Deep learning approaches are commonly employed to develop predictive maintenance solutions utilizing large datasets. However, their black-box framework, performance limitations for tabular big data and demand for high-fidelity data limit their adoption. Thus, the study proposes an interpretative deep learning framework with a transformer structure to support tabular data.
The Bayesian optimized tabular interpretative deep learning (β-TabNet) framework comprises a multi-layer transformer architecture. The models utilize an attentive transformer for stage-wise feature selection and a linear mapping layer for predicting time-to-next failure. A Bayesian optimization module is then used for cross-validation to tune the model parameters and minimize average error values.
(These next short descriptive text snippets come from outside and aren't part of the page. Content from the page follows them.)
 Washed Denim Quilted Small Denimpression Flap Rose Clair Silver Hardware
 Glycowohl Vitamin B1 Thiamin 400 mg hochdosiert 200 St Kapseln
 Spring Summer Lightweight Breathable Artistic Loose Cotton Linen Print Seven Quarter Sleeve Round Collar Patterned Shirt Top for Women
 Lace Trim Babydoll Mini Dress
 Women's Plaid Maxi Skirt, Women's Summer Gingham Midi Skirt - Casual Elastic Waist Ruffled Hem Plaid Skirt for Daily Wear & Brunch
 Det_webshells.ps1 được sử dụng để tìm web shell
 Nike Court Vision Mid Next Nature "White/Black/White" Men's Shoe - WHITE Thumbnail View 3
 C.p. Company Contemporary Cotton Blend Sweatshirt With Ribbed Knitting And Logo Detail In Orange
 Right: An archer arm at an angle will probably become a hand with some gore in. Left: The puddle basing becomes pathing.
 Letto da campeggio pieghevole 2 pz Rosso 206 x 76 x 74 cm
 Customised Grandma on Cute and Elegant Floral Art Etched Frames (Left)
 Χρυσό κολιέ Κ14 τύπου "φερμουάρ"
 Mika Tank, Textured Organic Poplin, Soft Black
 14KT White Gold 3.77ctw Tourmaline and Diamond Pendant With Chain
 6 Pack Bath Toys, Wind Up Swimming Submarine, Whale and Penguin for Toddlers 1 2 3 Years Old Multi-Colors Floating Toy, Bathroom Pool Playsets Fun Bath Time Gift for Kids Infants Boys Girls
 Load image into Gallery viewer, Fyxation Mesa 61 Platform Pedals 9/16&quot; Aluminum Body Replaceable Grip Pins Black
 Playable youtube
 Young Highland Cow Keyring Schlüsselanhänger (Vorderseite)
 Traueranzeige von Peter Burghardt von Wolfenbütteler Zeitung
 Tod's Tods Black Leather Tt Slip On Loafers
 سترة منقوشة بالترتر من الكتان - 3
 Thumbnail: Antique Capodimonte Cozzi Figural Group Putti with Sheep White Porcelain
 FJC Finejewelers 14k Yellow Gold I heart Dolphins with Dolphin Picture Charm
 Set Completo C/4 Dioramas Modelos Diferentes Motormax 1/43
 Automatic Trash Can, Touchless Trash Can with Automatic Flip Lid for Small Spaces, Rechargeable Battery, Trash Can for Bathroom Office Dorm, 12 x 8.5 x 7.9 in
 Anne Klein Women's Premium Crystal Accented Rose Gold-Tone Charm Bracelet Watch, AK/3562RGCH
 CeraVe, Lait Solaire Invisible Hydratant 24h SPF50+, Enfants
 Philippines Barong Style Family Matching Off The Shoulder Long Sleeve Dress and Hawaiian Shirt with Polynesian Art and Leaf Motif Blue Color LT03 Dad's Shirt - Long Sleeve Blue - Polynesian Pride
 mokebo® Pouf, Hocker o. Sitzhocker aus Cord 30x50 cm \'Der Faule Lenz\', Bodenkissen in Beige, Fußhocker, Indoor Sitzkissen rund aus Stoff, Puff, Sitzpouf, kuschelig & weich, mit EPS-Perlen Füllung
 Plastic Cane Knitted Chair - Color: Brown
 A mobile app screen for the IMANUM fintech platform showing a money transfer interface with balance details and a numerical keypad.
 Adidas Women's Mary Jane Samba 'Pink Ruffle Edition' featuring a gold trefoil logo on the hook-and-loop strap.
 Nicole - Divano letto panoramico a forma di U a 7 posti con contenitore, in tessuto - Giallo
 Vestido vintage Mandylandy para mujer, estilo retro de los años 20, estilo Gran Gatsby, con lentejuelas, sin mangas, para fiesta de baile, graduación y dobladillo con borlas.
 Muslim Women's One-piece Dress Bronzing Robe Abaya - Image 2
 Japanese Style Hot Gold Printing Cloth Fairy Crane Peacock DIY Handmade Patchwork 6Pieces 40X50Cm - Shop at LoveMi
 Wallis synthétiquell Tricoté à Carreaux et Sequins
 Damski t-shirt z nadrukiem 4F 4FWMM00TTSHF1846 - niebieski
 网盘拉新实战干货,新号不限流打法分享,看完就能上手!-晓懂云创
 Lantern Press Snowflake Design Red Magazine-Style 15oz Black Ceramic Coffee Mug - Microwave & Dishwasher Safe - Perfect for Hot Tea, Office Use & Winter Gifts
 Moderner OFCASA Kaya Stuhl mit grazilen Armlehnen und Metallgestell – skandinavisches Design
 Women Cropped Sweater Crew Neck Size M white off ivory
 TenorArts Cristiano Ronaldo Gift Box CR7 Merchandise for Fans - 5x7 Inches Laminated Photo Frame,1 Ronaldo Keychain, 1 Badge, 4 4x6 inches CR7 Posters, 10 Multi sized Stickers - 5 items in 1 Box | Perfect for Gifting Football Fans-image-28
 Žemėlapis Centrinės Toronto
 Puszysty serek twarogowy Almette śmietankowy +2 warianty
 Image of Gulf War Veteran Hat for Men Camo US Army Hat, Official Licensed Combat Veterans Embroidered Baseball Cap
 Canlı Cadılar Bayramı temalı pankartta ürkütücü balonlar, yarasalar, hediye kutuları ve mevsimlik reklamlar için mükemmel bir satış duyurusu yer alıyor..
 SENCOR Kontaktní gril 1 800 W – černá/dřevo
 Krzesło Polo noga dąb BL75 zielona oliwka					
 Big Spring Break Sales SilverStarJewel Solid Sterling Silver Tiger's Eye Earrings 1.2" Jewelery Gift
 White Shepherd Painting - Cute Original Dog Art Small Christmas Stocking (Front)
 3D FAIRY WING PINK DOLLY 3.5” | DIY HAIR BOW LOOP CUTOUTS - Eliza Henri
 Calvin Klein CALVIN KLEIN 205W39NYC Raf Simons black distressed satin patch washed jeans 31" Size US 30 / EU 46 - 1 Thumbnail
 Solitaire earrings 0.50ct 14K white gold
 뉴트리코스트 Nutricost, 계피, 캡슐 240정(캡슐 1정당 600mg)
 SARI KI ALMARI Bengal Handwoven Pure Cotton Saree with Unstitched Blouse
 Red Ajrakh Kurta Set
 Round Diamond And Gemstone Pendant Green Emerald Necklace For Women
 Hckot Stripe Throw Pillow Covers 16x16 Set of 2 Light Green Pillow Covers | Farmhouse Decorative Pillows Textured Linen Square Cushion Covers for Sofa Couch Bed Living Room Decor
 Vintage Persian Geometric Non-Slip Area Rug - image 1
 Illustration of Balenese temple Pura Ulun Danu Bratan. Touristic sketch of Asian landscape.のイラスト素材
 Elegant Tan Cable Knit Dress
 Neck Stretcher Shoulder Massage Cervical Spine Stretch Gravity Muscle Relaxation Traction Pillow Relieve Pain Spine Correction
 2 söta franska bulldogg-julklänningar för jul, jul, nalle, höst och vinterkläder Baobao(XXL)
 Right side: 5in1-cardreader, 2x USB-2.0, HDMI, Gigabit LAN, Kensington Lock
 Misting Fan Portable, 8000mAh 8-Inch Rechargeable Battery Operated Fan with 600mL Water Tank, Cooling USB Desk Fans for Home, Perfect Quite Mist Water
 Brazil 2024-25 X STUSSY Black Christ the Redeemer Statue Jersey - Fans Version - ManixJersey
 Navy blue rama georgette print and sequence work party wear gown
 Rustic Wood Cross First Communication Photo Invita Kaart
Developed models are tested on unseen data and compared with other published approaches for validation.
Utilizing the β-TabNet model, the research provides interpretable, high-accuracy failure predictions with mean error ranges between 0.67 and 2.47, correlation coefficient values above 0.98, and root mean square values of ∼0.9. The base models are also benchmarked against the performances of other published models. Models highlight the installation year and age at last failure as the strongest predictors. Furthermore, there is a strong interlinkage between pipeline failure and ground conditions, with a decrease in time-to-next failure with an increase in soil corrosivity and urbanization.
Accurate water leak detection reduces water waste and prevents costly property damage, promoting more equitable access to affordable water utilities. It also minimizes disruptive infrastructure repairs and service outages, enhancing community resilience and public trust in municipal systems.
The knowledge contribution of this article is beneficial to water reticulation and asset management for city networks and trace urbanization impacts on increasing pipeline failure. Using the model, the authorities can foresight and reduce downtime of water infrastructure by predicting through automated computations.